Her Miss America life was a whirlwind -- a new state nearly every other day. She lived in hotels for a year. Airports became almost a second home, where she would sometimes be camped out for hours, pulling a small sketchpad out of her purse to draw passers-by.

"Pageants and art, in a Venn diagram, I don't know if there's much overlap, but I'm in that overlap," she said. While doing her job as Miss America, she didn't have much time for art. "It's something where I missed it a lot, and I'm excited to get back into it."

Shields re-entered the Fine Arts Building at the University of Arkansas, Fayetteville at the beginning of the month, the sharp scents of oils and paint wafting around her for the first time in 12 months.

She has saved every hotel key card and coffee sleeve from her reign and plans to create a piece with them.

Former Miss America winners have 10 years to use their scholarship money, for undergraduate degrees, graduate school or professional training, Mineur said.

Shields plans to use her scholarship to finish her remaining year of college. She said she might attend graduate school, too, because getting her undergraduate degree won't use up the $90,000 she won from the Miss America Foundation.

But her plans are a moving target.
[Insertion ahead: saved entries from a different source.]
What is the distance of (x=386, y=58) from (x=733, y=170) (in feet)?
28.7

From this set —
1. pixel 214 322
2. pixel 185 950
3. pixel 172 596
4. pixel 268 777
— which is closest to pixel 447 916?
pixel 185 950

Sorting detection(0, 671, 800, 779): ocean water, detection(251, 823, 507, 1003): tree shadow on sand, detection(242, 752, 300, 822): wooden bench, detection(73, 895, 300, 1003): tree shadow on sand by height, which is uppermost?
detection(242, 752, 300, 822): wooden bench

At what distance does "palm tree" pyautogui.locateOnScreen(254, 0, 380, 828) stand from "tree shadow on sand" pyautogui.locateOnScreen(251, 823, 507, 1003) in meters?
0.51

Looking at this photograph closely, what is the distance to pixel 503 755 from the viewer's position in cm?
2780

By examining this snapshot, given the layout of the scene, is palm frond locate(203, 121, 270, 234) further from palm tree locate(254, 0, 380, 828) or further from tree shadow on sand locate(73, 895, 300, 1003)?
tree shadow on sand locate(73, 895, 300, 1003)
She wants to open a flower shop. She wants to sell her art. She wants to do philanthropy work for a medley of nonprofits.

"Your goals and your to-do list just gets like irrationally long, and I'm a hopeless romantic so I think that's why it keeps growing," Shields said.

Miss America is tasked with being a goodwill ambassador for the Children's Miracle Network Hospitals, which Shields said was the part of her year that affected her most. The network supports hospitals that treat children who have illnesses such as diabetes and cancer. It relies entirely on donations.

"That was the best part of my job, but it was also the most emotionally taxing part of my job because I would get to walk into hospitals across the country ... You walk into room by room by room and, a lot of the kids, you don't know how much longer their future has," she said.

Shields said she is looking for ways to stay involved with the network as well as continue promoting her platform, "Eat better. Live better."

She also said she will never be done with pageants, whether that means attending state pageants or encouraging contestants during their orientation weekends.

"I mean it changed my life, and I'm always going to get to be a part of it in some capacity without a doubt," she said.

In the meantime, she is spending this semester before returning to school doing many of the things she did as Miss America -- hosting events and public speaking, although most of these are in or near Arkansas.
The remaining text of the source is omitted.